10. a. La recourante considère que la décision de la CCRMC est arbitraire, qu'elle viole le principe de la légalité et aboutit à un résultat contraire à tout bon sens et choquant.

b. Une décision est arbitraire lorsqu’elle viole gravement une norme ou un principe juridique indiscuté ou lorsqu’elle heurte de manière choquante le sentiment de la justice et de l’équité. A cet égard, le Tribunal fédéral ne s’écarte de la solution retenue par l’autorité cantonale de dernière instance que lorsque celle-ci est manifestement insoutenable, qu’elle se trouve en contradiction claire avec la situation de fait, si elle a été adoptée sans motif objectif ou en violation d’un droit certain. L’arbitraire ne résulte pas du seul fait qu’une autre solution pourrait entrer en considération ou même qu’elle serait préférable. Pour qu’une décision soit annulée pour cause d’arbitraire, il ne suffit pas que la motivation formulée soit insoutenable, il faut encore que la décision apparaisse arbitraire dans son résultat (ATF 128 I 177consid. 2.1 p. 182 ; Arrêt du Tribunal fédéral 4P.149/2000 du 2 avril 2001,  consid. 2 et les arrêts cités).

c. Appelé à examiner le caractère arbitraire d’une décision, le Tribunal administratif suit le raisonnement du Tribunal fédéral en la matière. Dans le cas d'espèce, force est d’admettre que tant les décisions du département que celle de la CCRMC respectent le cadre légal et ne conduisent aucunement à une solution ou à un résultat manifestement insoutenable. La recourante peut considérer que le loyer est trop faible eu égard aux sommes investies. Ce grief ne peut cependant être reçu dans le cadre du présent recours. Elle a exécuté des travaux litigieux sans se préoccuper de la nécessité de requérir une autorisation, prenant le risque de contredire la loi et en mettant l'autorité devant le fait accompli. Elle doit en supporter les conséquence, la préservation d'un parc d'habitations à loyers bas devant primer, dans le cas d'espèce, sur ses intérêts privés.

11. Le recours sera rejeté.

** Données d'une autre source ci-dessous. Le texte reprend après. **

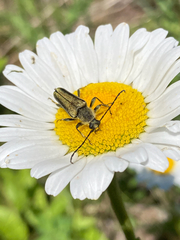 Lepturobosca chrysocoma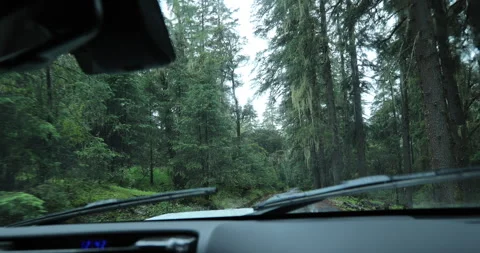 Driving car in the raining forest Stock Footage 299464898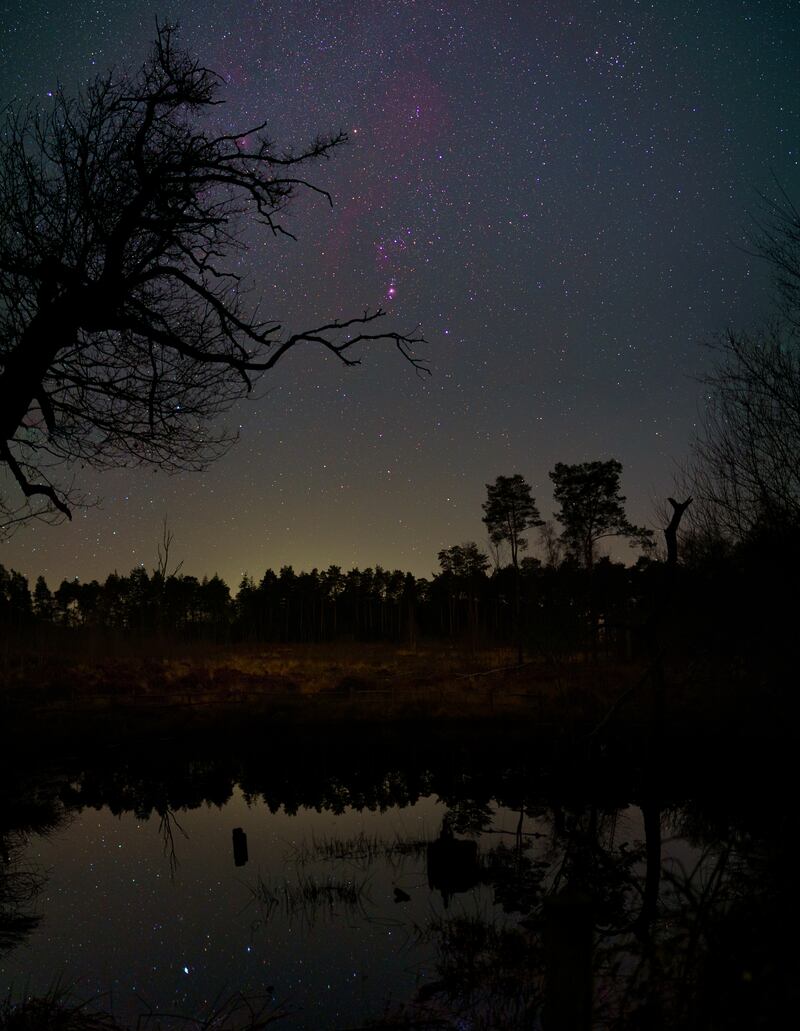 Orion Over Black Pond at RSPB Pulborough Brooks by Steve Geliot, also highly commended. PA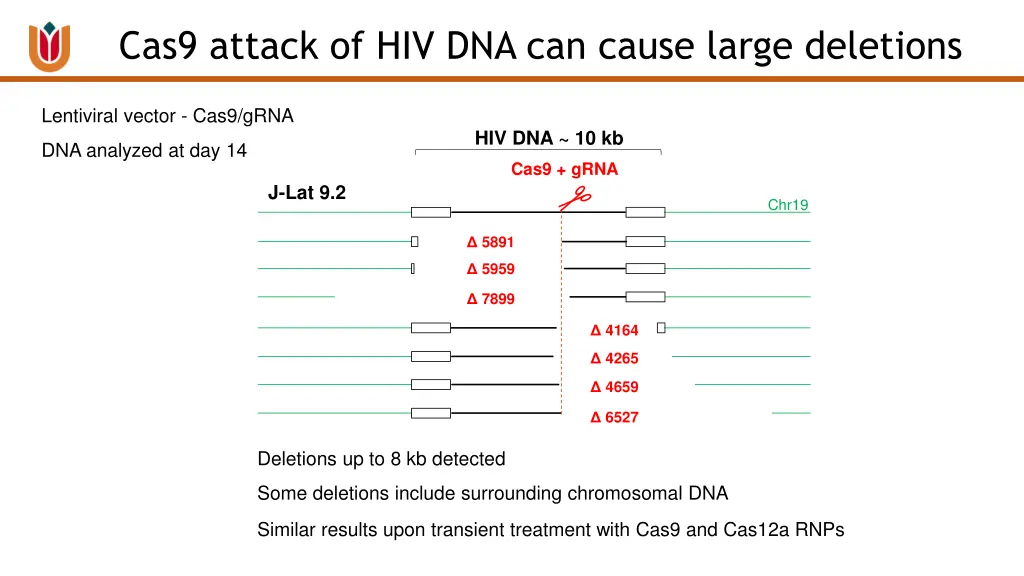 cas9 attack of hiv dna can cause large deletions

Un émolument de CHF 1’500.- sera mis à la charge de la recourante (art. 87 LPA).

 

* * * * *

PAR CES MOTIFS
LE TRIBUNAL ADMINISTRATIF

à la forme :

déclare recevable le recours interjeté le 16 juin 2008 par S______ contre la décision de la commission cantonale de recours en matière de constructions du 2 mai 2008 ;

au fond :

le rejette ;

condamne S______. au paiement d'un émolument de CHF 1500.- ;

dit que, conformément aux articles 82 et suivants de la loi fédérale sur le Tribunal fédéral du 17 juin 2005 (LTF - RS 173.110), le présent arrêt peut être porté dans les trente jours qui suivent sa notification par-devant le Tribunal fédéral, par la voie du recours en matière de droit public ; le mémoire de recours doit indiquer les conclusions, motifs et moyens de preuve et porter la signature du recourant ou de son mandataire ; il doit être adressé au Tribunal fédéral, 1000 Lausanne 14, par voie postale ou par voie électronique aux conditions de l’article 42 LTF. Le présent arrêt et les pièces en possession du recourant, invoquées comme moyens de preuve, doivent être joints à l’envoi ;

communique le présent arrêt à Me Marc Gilliéron, avocat de la recourante, à la commission cantonale de recours en matière de constructions ainsi qu’au département des constructions et des technologies de l'information.

Siégeants : M. Thélin, président, Mmes Hurni et Junod, M. Dumartheray, juges, M. Hottelier, juge suppléant.

 

 

 

Au nom du Tribunal administratif :

la greffière-juriste adj. :

 

 

M. Tonossi

 

le vice-président :

 

 

Ph. Thélin

 

 

Copie conforme de cet arrêt a été communiquée aux parties.